The surface gradient of a scalar $f$ is the orthogonal projection of the full gradient onto the surface ($\pmb{n}$ is the unit normal): $$\pmb{\nabla}_s f = \left(\mathbb{1}-\pmb{n}\pmb{n}^T\right)\pmb\nabla f = \pmb{\nabla} f - \pmb{n}\pmb{n}^T \pmb\nabla f $$ and the surface divergence of a vector field $\pmb{F}$ is $$\pmb\nabla_s\cdot \pmb{F} = \pmb\nabla\cdot \pmb{F} - \pmb{n}^T(\pmb\nabla \boldsymbol{F}) \pmb n$$ where $\pmb\nabla\pmb F$ is the Jacobian matrix $\{\frac{\partial F_i}{\partial x_j}\}_{i,j=1}^3$ and $\pmb{n}\pmb{n}^T$ is the matrix $\left\{n_i n_j\right\}_{i,j=1}^3$ (and also the definion of $\pmb{n}\otimes\pmb{n}$). Some use the suggestive (dyadic) notation $\pmb{\nabla}_s\cdot \pmb{F} = \left(\mathbb{1}-\pmb{n}\otimes\pmb{n}\right)\cdot\pmb\nabla\cdot\pmb{F}$ because of its similarity with the surface gradient, but the meaning really is that I gave above.

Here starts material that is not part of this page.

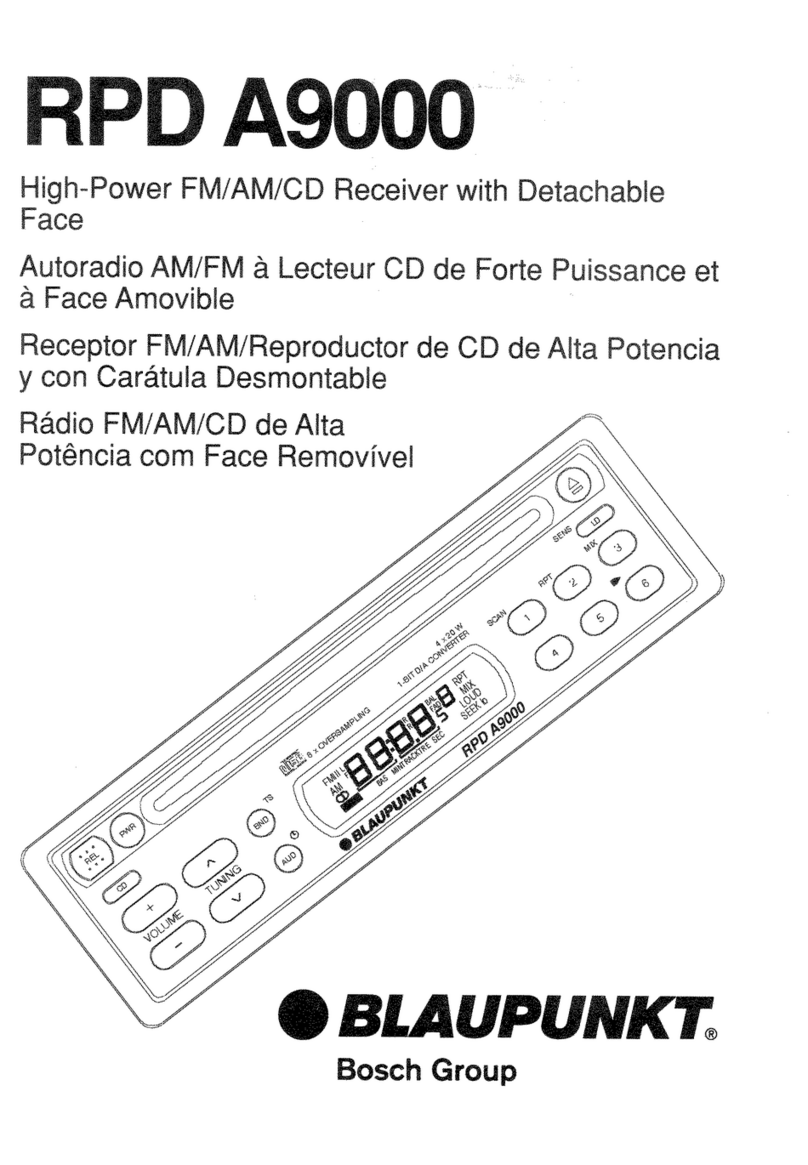 Blaupunkt RPD A9000 User manual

A proof of the surface Laplacian formula ($\star\star$) is given in Xu & Xhao (2003). It follows directly from these definitions (I will drop the boldfaces for notation simplicity, but it's important to keep track of what is a scalar, a vector, and a matrix – I make no use of dyadic notation here):

\begin{align} \nabla_s^2 f = \nabla_s\cdot\nabla_s f = \nabla\cdot\left(\nabla f -nn^T\nabla f\right)-n^T\left(\nabla(\nabla f - nn^T \nabla f)\right)n \\=\nabla^2f\underbrace{-\nabla\cdot\big((n\cdot\nabla f) n\big)}_{A} - n^T H(f)n + \underbrace{n^T\nabla (nn^T\nabla f) n}_{B} \tag{1} \end{align} because $\nabla\nabla f=H(f)=\{\frac{\partial^2 f}{\partial x_i\partial x_j}\}_{i,j=1}^3$ (the Hessian matrix of $f$ is the Jacobian matrix of $\nabla f$). Using the product rule for the divergence $\nabla\cdot(a\pmb{n}) = a \nabla \cdot \pmb{n} + \nabla a \cdot \pmb{n}$, we get \begin{align*} A &= - (n\cdot \nabla f)\nabla \cdot n - \nabla(n\cdot\nabla f)\cdot n. \end{align*} The last term above is (using the product rule) \begin{align*} n\cdot\nabla( n\cdot \nabla f) = \sum_{i,j} n_i \frac{\partial}{\partial x_i}\left(n_j \frac{\partial f}{\partial x_j}\right) = \sum_{i,j}n_i n_j \frac{\partial^2 f}{\partial x_i\partial x_j} + \sum_{i,j} n_i \frac{\partial n_j}{\partial x_i}\frac{\partial f}{\partial x_j} = n^T H(f) n + n^T(\nabla n)^T \nabla f \end{align*} so that \begin{align*} A = - \kappa \frac{\partial f}{\partial n} - n^T H(f) n - n^T(\nabla n)^T \nabla f \tag{2} \end{align*} Similarly, use of the product rule gives \begin{align*} B &= \sum_{i,j} n_i n_j \frac{\partial}{\partial x_j}[n n^T \nabla f]_i \\&= \sum_{i,j,k}n_i n_j \frac{\partial}{\partial x_j}\left[(nn^T)_{ik} (\nabla f)_k\right] \\&= \sum_{i,j,k}n_i n_j \frac{\partial}{\partial x_j}\left[n_i n_k \frac{\partial f}{\partial x_k}\right] \\&= \sum_{i,j,k}n_i n_j \frac{\partial}{\partial x_j}(n_i n_k)\frac{\partial f}{\partial x_k} + \sum_{i,j,k} n_i^2 n_j n_k \frac{\partial^2 f}{\partial x_j \partial x_k} \end{align*} Because $||n||^2=\sum_i n_i^2=1$, the last sum gives $n^T H(f) n$. In the first sum, we use the product rule once more. One of the terms becomes proportional to $\sum_i n_i \frac{\partial n_i}{\partial x_j} = 0$ (which vanishes because $\frac{\partial}{\partial x_j}||n||^2=0$). The remaining term is $\sum_{i,j,k} n_i^2 n_j \frac{\partial n_k}{\partial x_j}\frac{\partial f}{\partial x_k} = \sum_{j,k} n_j \frac{\partial n_k}{\partial x_j}\frac{\partial f}{\partial x_k} = n^T (\nabla n)^T \nabla f$ so that \begin{align*} B = n^T(\nabla n)^T \nabla f + n^T H(f) n \tag{3} \end{align*} Substituting (2) and (3) in (1) gives ($\star\star$).